É onde nada mais faz falta, só a voz e os murmúrios que me conduzem ao estado de não precisar de comer ou de beber, ou chorar ou gritar, ou temer ou sobreviver.
É a paz de ter tanto prazer e de me ter, pois é neste santuário, que és todo tu, que eu me entrego sem sacrifício, embora em esforço.
Vénia seja feita à solidão que me tem banhado e em que tenho sobrevivido, onde as palavras foram vãs e sem eco, pois foi assim que me escutei de verdade e soube agir. Foi como aprendi. E foi só que sempre enfrentei os desafios que tenho vencido solitariamente. Partilhara eu mais do que escassos momentos a minha vida e passaria a sobreviver o dia a dia. Mas já não estou tão só...

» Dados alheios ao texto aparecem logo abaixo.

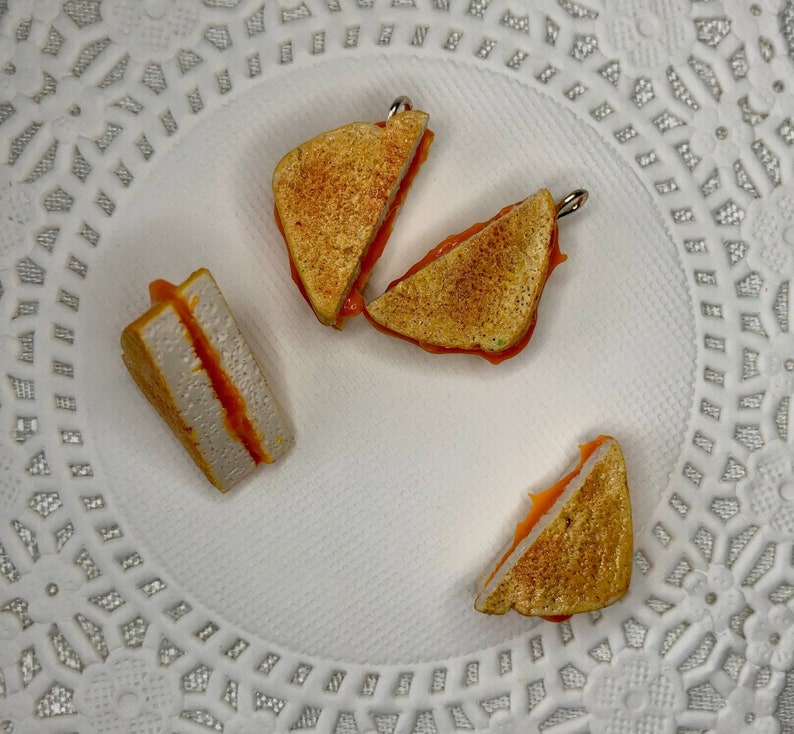 May include: Four miniature grilled cheese sandwiches with orange cheese on a white background. The sandwiches are made of polymer clay and are about the size of a quarter.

Porém, também quero que me segurem, esporadicamente, a mão e me conduzam, pois é a única via de me assegurar que a solidão faz-me melhor companhia do que quem não é meu companheiro. E é a cada gesto de me tocarem que estou certa de saber amar quem passa pelo meu mundo, que reconheço meu no acto de receber tais toques de paixãom porque é ao abrir a muralha que cerca o meu mundo que o sei meu e que existe para me acolher. O mesmo lugar onde tu estás acolhido.

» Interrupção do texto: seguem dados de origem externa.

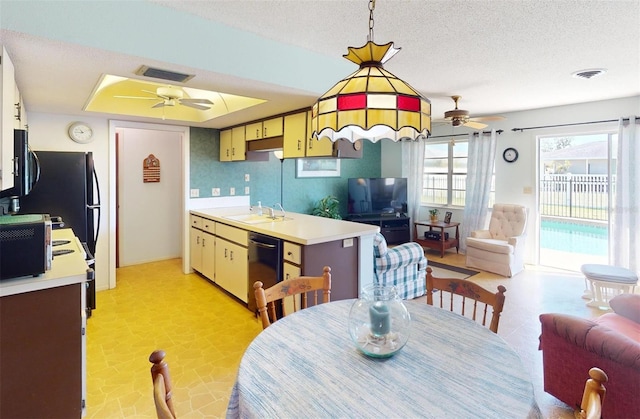 kitchen featuring black appliances, ceiling fan, sink, and hanging light fixtures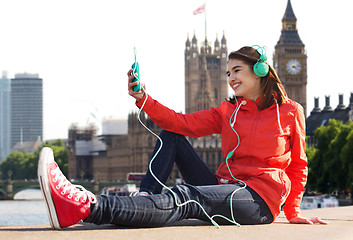 Image showing happy young woman with smartphone and headphones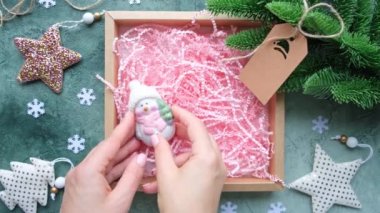 Noel oyuncaklarını hediye kutusuna koyan eller. Yeni yıl dekorasyonu, DIY hediye paketi.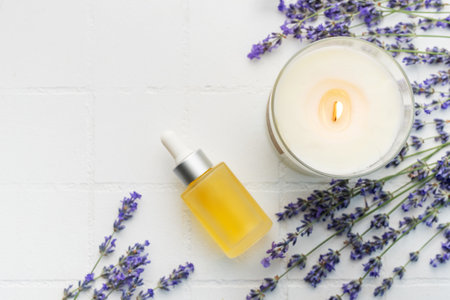 Lavender spa. Lavender  natural essential oil, aromatic candle and fresh lavender on a white tile background.の写真素材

Se construi estes muros foi para me proteger, e agora protegem-te a ti também. E se os derrubei alguma vez foi para te ter e fi-lo sem querer. Sem notar ou saber. És um mago? A tua aura tirou-me da minha estrela, de regresso à gravidade que me prende à terra do meu castelo.
Já não me cerca só uma muralha, estou rodeada de símbolos teus. O sol é a luz do teu olhar, a água o teu beijo, as estrelas o teu sorriso, no vento tenho a tua voz, e a sua carícia é a tua pele envolta na minha. Enquanto teus gestos suaves me seguem na minha sombra que é o teu sempre anjo da guarda.

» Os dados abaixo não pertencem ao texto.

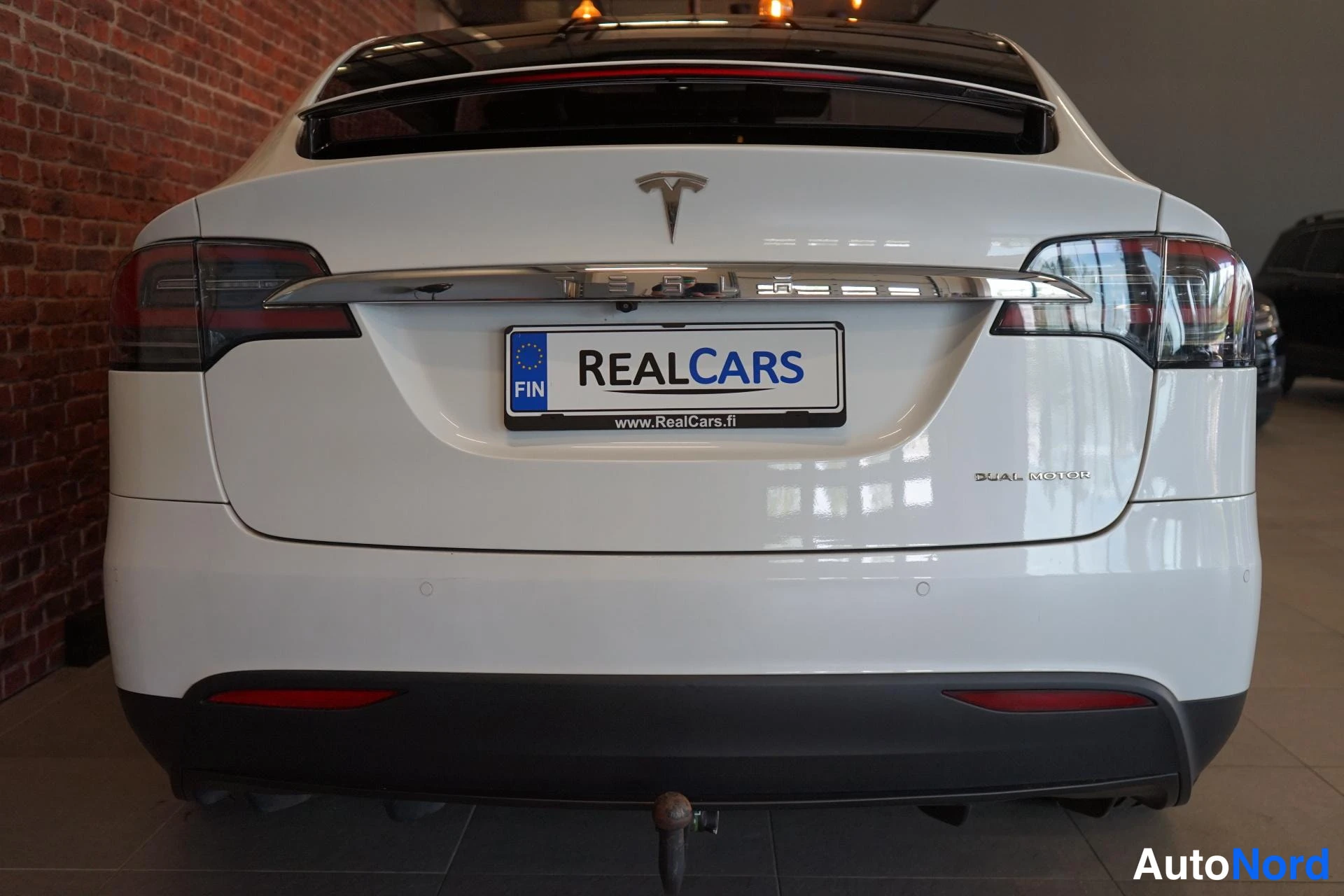 Takaa: Valkoisen Tesla Model X:n takanäkyvissä: TUNTEMATTOMAN mallin takavalot ja takapuskki ovat näkyvissä; auto on valkoinen.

Foi para chegar aqui que nunca me puderam dizer para parar o que quero fazer. Seria mais fácil dizer à chuva para não chover ou ao trovão para ser silencioso. Puderam sempre dizer-me o que fazer, mas sem me privarem do que eu quero fazer, pois seria um terramoto que rasgaria uma fenda de imenso abismo entre mim e quem me quisesse impedir de projectar o meu futuro. Foi por eu ser assim que tu estás em mim e vives no meu castelo, onde a murada já tem uma ponte levadiça.